Vronski se fue al Teatro Francés para buscar al coronel de su regimiento, que no faltaba una sola noche, pues quería hablarle de la obra de pacificación que hacía tres días lo ocupaba, proporcionándole no poca diversión. Los héroes de esta historia eran Petritski y un joven príncipe Kiédrov, gallardo mancebo que acababa de ingresar en el regimiento; y se trataba principalmente de los intereses del regimiento, pues ambos jóvenes formaban parte del escuadrón de Vronski.

Wenden, el consejero titular, había presentado queja al coronel contra sus oficiales por haber injuriado a su esposa, que, casada hacia medio año apenas y en estado interesante, había ido con su madre a la iglesia, donde, sintiéndose indispuesta, tomó el primer coche que pasó para volver cuanto antes a su casa.
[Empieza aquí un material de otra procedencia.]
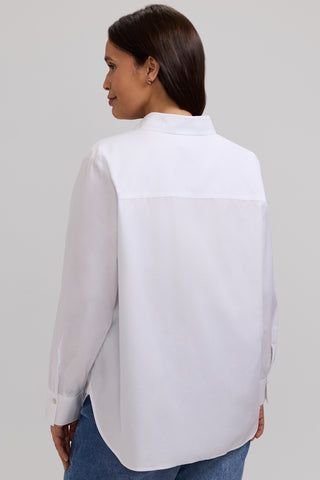 Meghan Plus No Iron Pinpoint Long Sleeve Shirt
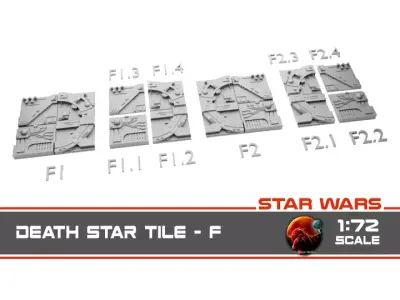 Death Star Tile Type F Free 3D print model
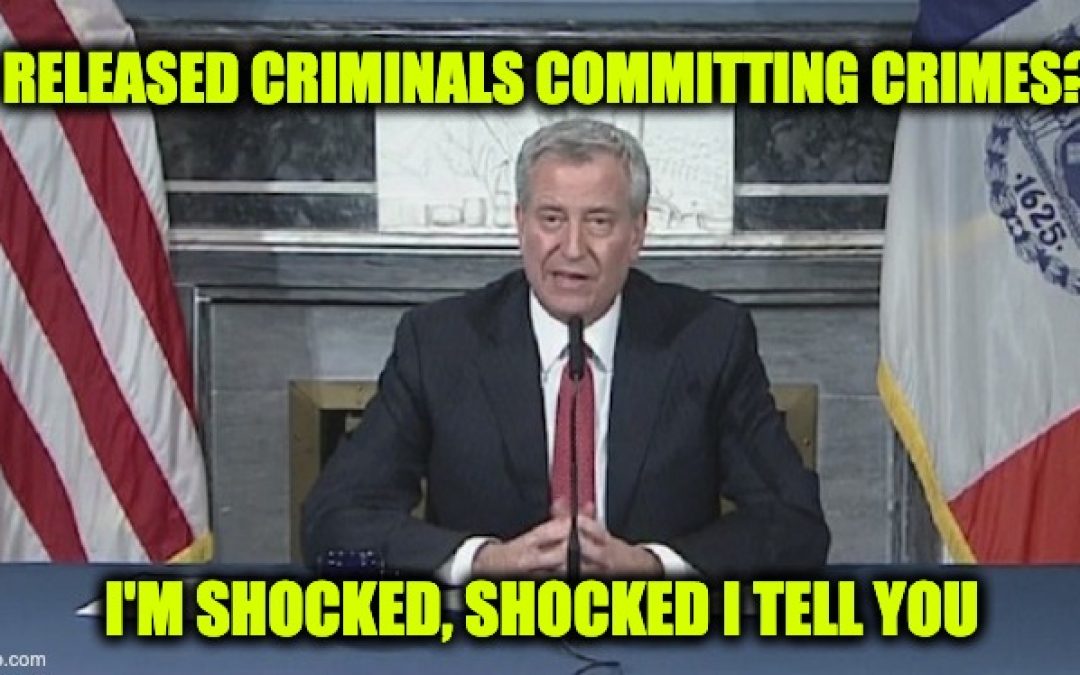 Mayor De Blasio Is SHOCKED Inmates Released Over COVID-19 Concerns Are Committing Crimes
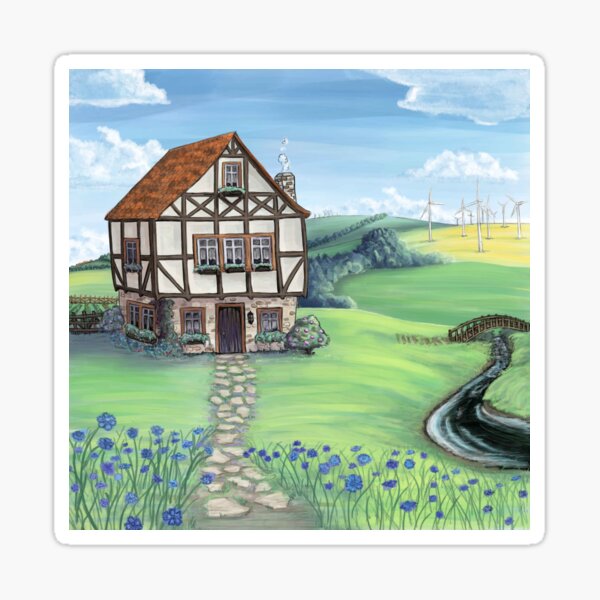 Country Cottage Sticker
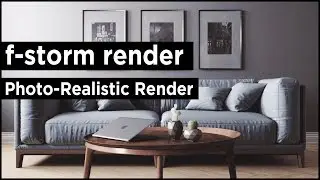 3ds Max f-storm Interior Rendering Tutorial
Los oficiales la habían perseguido; la dama se sintió peor por la emoción, y subió la escalera precipitadamente. Wenden volvía de su oficina cuando oyó las voces y el campanillazo, y al ver que eran dos oficiales ebrios, los puso en la puerta, exigiendo después que se los castigara severamente.

—Por más que diga usted —contestó el coronel a Vronski, Petritski se hace intolerable, pues no pasa una sola semana sin ningún escándalo. El caballero ofendido persistirá seguramente en su reclamación.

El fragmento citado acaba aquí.